A single number is required: how many lines in the entries hold the word "Gothic".

══ Data in this exercise ══

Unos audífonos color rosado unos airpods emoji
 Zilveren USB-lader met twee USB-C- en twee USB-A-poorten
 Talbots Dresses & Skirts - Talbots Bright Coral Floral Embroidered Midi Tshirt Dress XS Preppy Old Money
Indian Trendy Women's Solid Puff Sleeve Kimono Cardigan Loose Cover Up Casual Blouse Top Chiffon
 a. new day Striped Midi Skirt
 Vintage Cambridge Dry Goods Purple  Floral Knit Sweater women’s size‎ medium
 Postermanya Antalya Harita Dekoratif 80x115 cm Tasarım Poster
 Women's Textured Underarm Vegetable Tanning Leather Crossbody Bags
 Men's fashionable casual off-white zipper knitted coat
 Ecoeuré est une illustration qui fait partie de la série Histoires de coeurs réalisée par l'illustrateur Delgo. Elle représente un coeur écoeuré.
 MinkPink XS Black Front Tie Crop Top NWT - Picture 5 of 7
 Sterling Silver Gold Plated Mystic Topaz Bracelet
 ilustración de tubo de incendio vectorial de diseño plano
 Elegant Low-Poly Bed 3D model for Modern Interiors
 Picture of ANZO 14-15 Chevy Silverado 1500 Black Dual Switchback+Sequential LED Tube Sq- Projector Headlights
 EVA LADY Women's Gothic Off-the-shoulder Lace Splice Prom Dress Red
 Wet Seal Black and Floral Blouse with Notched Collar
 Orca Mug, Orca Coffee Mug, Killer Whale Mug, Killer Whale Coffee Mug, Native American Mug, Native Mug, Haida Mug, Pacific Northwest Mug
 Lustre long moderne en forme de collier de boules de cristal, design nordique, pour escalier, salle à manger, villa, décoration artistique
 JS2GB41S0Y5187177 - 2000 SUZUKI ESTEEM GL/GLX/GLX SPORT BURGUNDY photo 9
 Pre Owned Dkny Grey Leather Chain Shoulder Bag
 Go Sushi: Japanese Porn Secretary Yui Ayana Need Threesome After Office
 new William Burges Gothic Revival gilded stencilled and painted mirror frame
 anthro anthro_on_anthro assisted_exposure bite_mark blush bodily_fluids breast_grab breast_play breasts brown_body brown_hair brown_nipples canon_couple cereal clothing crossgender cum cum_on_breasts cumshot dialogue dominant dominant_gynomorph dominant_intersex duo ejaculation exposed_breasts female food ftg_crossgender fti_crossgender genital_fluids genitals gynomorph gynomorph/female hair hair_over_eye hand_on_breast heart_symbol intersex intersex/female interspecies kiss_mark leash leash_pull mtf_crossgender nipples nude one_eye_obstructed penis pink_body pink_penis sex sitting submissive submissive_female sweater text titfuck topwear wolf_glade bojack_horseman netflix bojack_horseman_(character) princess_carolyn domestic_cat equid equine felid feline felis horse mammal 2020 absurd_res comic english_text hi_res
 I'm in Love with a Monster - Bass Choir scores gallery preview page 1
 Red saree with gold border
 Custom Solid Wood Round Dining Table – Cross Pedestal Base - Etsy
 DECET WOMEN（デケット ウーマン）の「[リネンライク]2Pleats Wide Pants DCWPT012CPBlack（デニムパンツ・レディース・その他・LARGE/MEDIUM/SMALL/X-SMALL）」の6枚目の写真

═══

- **Task result**: 2